History

United Kingdom
- Name: HMS Hesper
- Ordered: 19 October 1805
- Builder: Benjamin Tanner, later John Cock, Dartmouth
- Laid down: June 1806
- Launched: 3 July 1809
- Completed: 30 September 1809 at Plymouth Dockyard
- Commissioned: August 1809
- Out of service: Sold 8 July 1817
- Honours and awards: Naval General Service Medal with clasp "Java"

General characteristics
- Class & type: 18-gun Cormorant-class sloop
- Tons burthen: 4241⁄94 bm
- Length: 108 ft 3+3⁄4 in (33.0 m) (overall); 90 ft 9+7⁄8 in (27.7 m) (keel);
- Beam: 29 ft 8 in (9.0 m)
- Depth of hold: 9 ft (2.74 m)
- Propulsion: Sails
- Sail plan: Sloop
- Complement: 121
- Armament: Upper deck: 16 × 32-pounder carronades; QD: 6 × 18-pounder carronades; Fc: 2 × 6-pounder guns + 2 × 18-pounder carronades;

= HMS Hesper (1809) =

Sloop of the Royal Navy

HMS Hesper was a British Royal Navy 18-gun ship-sloop of the , launched in 1809 at Dartmouth. Her original builder, Benjamin Tanner, became bankrupt during her construction, so John Cock completed her. In 1810 she was reclassed as a 20-gun sixth-rate ship (but without being re-armed); in 1817 she was again re-rated, this time as 26 guns. She served primarily in the Indian Ocean. In 1810 she participated in the Invasion of Isle de France. The next year Hesper participated in the capture of Java, which she followed in 1812 by capturing Timor. She was sold in 1817.

==Service==
G. Aklom commissioned Hesper in March 1807. However, Hesper was not launched until 1809 and did not enter service until 1809. Captain George Hoare was appointed to Hesper in 1809, commissioned her in August and sailed for the Indian Ocean on 9 October. (Note: The National Maritime Museum database has Edward Wallis Hoare commissioning Hesper and W. Buchanan sailing her to the East Indies, but that information applies to and also appears on her record.) In October 1810 Commander David Paterson took command.

Hesper captured Mouche No. 28 on 15 November 1810 near Île Bonaparte (Réunion) as she was carrying dispatches to the Île de France. A boarding party in Hespers cutter suffered three men wounded while boarding Mouche; French casualties were two men killed and five wounded, one of whom was Mouche No. 28s commander. The British recommissioned her for the attack on Île de France.

Hesper was detailed for service with the squadron under Admiral Albemarle Bertie engaged in the invasion of Isle de France (Mauritius). Bertie set Hesper and to join the group blockading Port Louis. While she was there, she and the government armed ship Emma, Lieutenant B. Street commanding, performed a useful reconnaissance taking soundings at night of the anchorage on the coast, a service for which Bertie commended them.
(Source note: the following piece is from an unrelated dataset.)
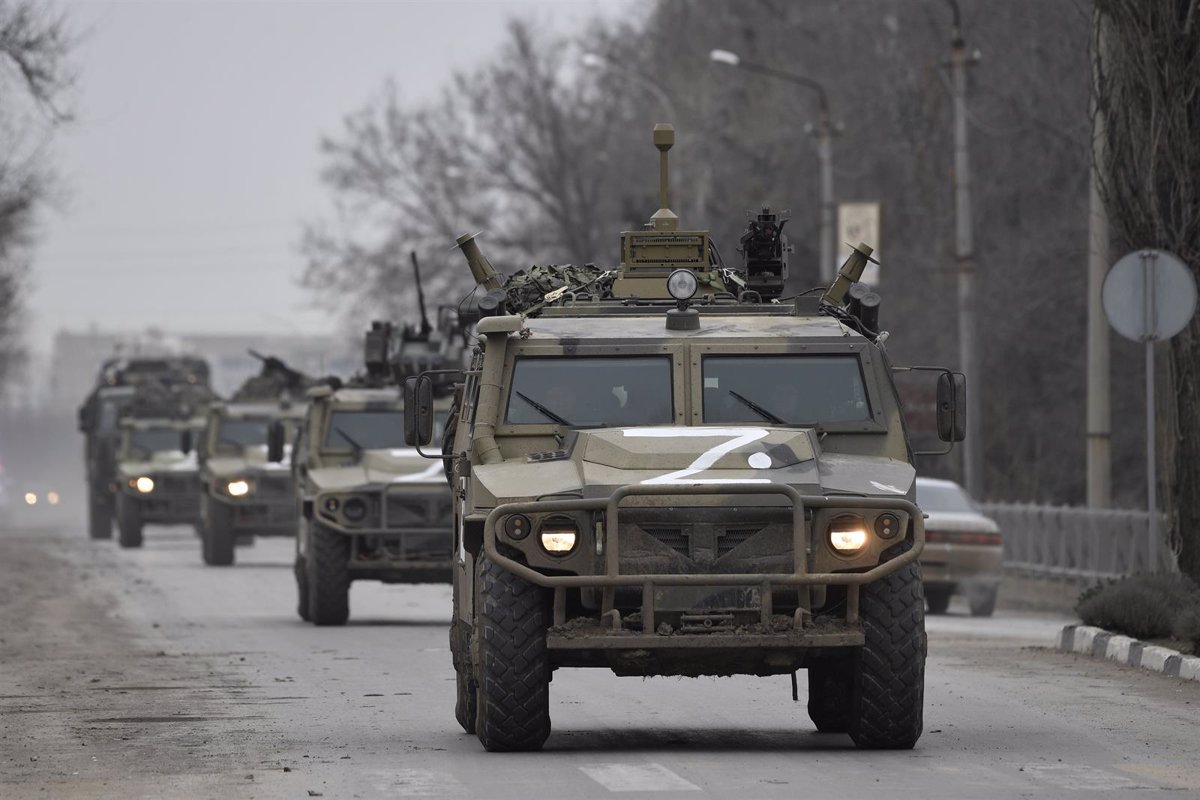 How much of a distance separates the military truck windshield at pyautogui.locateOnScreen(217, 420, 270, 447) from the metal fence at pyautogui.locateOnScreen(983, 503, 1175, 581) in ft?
33.6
They identified a place in a narrow strait between an islet called the Gunner's Coin and the beach where the fleet could anchor and where boats could land through an opening in the reef. The island surrendered on 3 December. In September 1814 prize money was paid to the officers and crews of the vessels that had been present at the capture of Isle de France. (Note: A first-class share was worth £278 19s 5 3/4d; a sixth-class share, that of an ordinary seaman, was worth £3 7s 6 1/4d. A fourth and final payment was made in July 1828. A first-class share was worth £29 19s 5 1/4d; a sixth-class share was worth 8s 2 1/2d.)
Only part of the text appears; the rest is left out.